= List of Goodnight Sweetheart characters =

Characters from the British TV sitcom

Goodnight Sweetheart is a sitcom that ran for six series from 1993 to 1999 on BBC. It stars Nicholas Lyndhurst as accidental time traveller Gary Sparrow, who leads a double life after discovering a time portal, which allows him to travel from the 1990s to a war-torn London in the 1940s.

==Gary Sparrow==
Gary Sparrow (Nicholas Lyndhurst) is a TV repairman in the 1990s in the London borough of Cricklewood, who accidentally discovers a time portal back to 1940s London.

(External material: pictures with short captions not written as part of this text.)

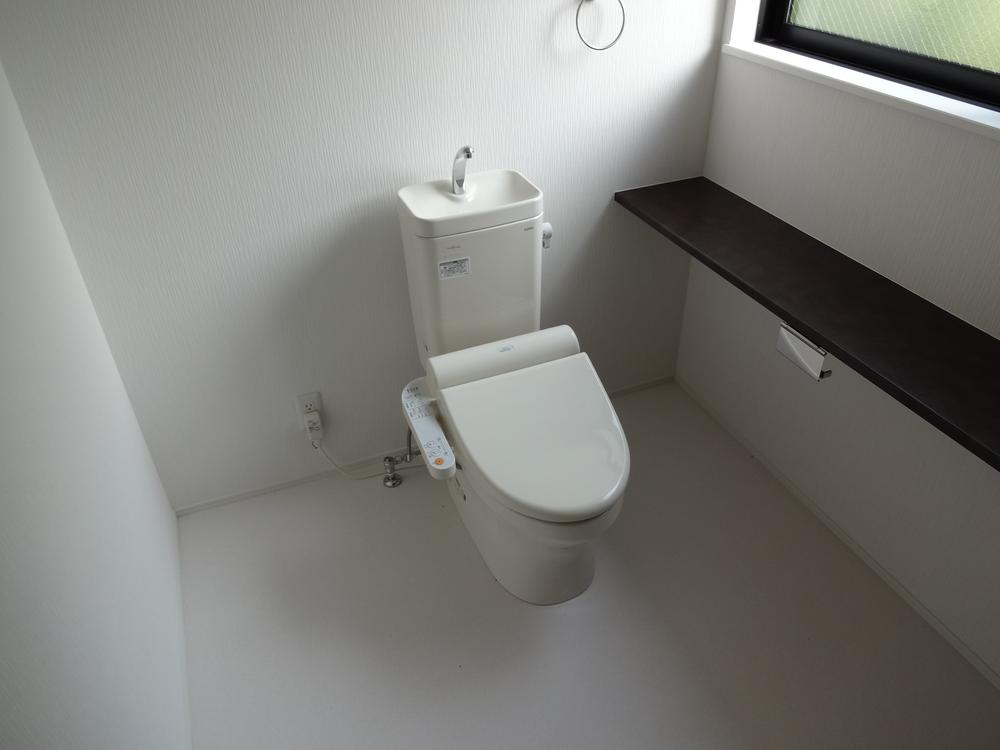 Toilet. Indoor (10 May 2013) Shooting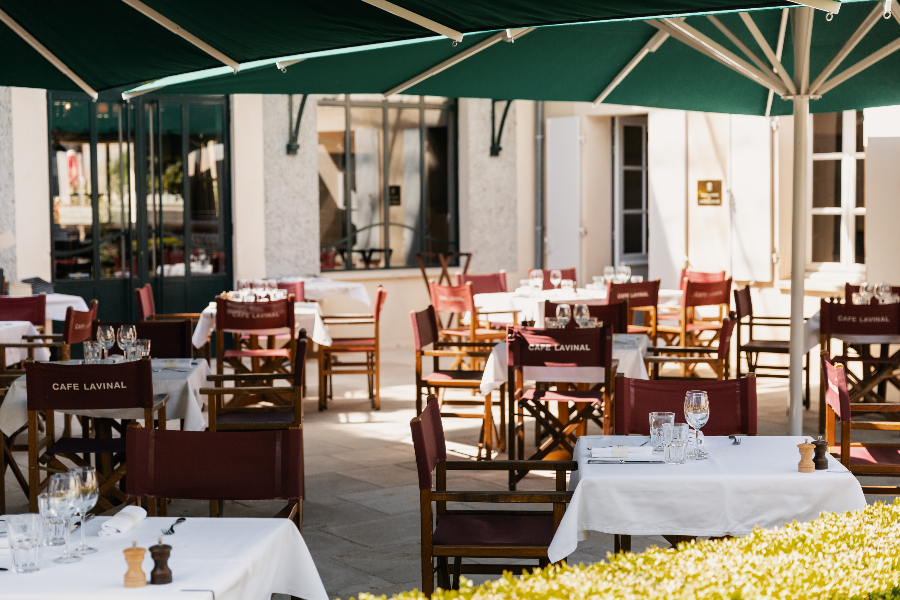 La terrasse du Café Lavinal - ©Taylor Yandel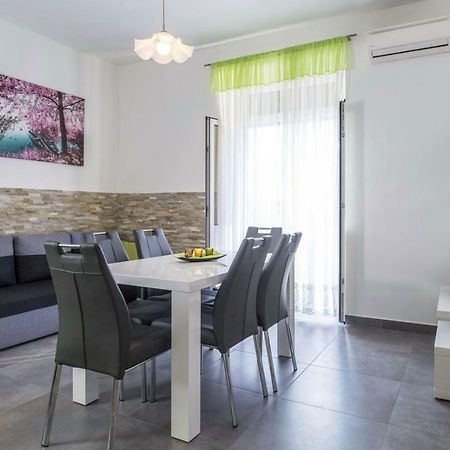 Apartment Stefania On The Beach Koromacno Bagian luar foto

Upon discovering he can return to the future, Gary uses his time travelling ability to jump between the past and the present. He starts a cross-time romance with landlady of the Royal Oak pub Phoebe Bamford while living his regular life in the 1990s with his wife Yvonne. Neither Yvonne nor Phoebe knows that Gary is a time traveller or an adulterer. Gary's only confidant is his modern day best friend and printer, Ron Wheatcroft. Ron is able to replicate items that Gary needs to get by in the past, such as period money and ration cards, whilst he also helps him present cover stories to Yvonne, although he performs the latter unwillingly.

Gary exploits his knowledge from the future by claiming to be a secret agent with classified information pertaining to the war. He also plays songs on the piano that post-date his 1940s' audience (for example, music by The Beatles) and then claims that he wrote them.

From Gary's point of view, both Phoebe and Yvonne become pregnant at the same time. While Yvonne's pregnancy ends in miscarriage, Phoebe gives birth to a son that she and Gary name Michael. During the pregnancy, Gary and Phoebe get married.

In his conversations with Ron, Gary rationalises that he is not a bigamist, even though he is married to two different women, as the two women are not alive at the same time. Gary considers himself faithful to both wives, and argues that "[his] wives exist in different temporal aspects of a four-dimensional space-time continuum", though Ron considers this to be a "typical bigamist's excuse".

Later episodes in the series found both of Gary's wives gaining notable success. In the present, Yvonne becomes a millionaire through the beauty aids business she founded, while in the past, Gary and Phoebe move to a posh part of town and Phoebe becomes a nightclub singer, as she and Gary become acquainted with Noël Coward, a famous English playwriter of that time.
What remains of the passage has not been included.